Here’s a picture of Common Milkweed. There are several kinds of milkweeds, but this one is easy to find, and it’s usually in waste places so no one minds if you pick some.

I like finding the eggs, because then I know the caterpillars will be healthy.  When I collect caterpillars, many of them turn out to have parasitoids. It’s pretty discouraging to raise a bunch of caterpillars, and then have them turn into wasps instead of butterflies.  (Normally only a few butterflies per mated pair survive – that’s life in the wild.  Parasititoids have to eat too!)

Here’s a photo of a monarch egg on a milkweed leaf. It’s that tiny light colored dot on the underside of the biggest leaf.

Here it is close-up.

The egg is light green or white, and about the size of a pencil point. There will usually be no more than one on the underside of a leaf. I cut off the leaf, or the stalk with the leaf on it, and put the stem into some water. It’s good to cover the water so when the caterpillar hatches, it doesn’t climb into the water and drown. (Caterpillars aren’t very smart about that.) I usually stuff a wad of waxed paper or plastic wrap into the neck of the water jar.
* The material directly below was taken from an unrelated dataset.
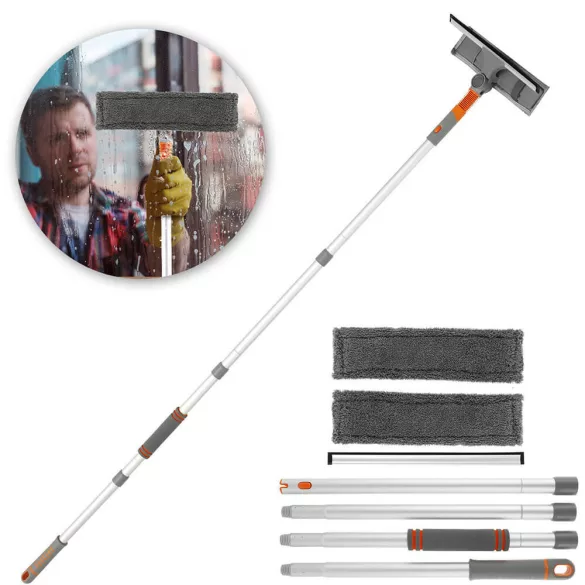 2-in-1 Window Cleaning Set with Extendable Handle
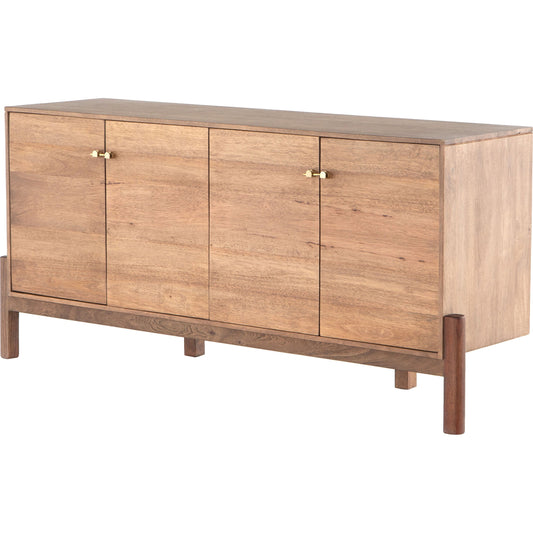Reza Sideboard by Four Hands in smoked honey. Made from solid parawood, solid acacia, brass in a eclectic & global style.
You can keep the jar with the milkweed on a table, or you can put it in a cage. I usually use a large jar or a goldfish aquarium for one caterpillar, and cover the top with a small piece of window screen held on with a rubber band. (Be sure to keep the jar out of the sun – the sun will heat it up and bake the caterpillar.) You can use a larger aquarium with the kind of screen top you’d use for a reptile. Or you can make a larger screen enclosure that will hold more caterpillars. Be sure to give the caterpillars plenty of space – don’t keep too many in a small cage or they’ll get sick. Here’s the set-up I use for one caterpillar – using a one gallon glass jar.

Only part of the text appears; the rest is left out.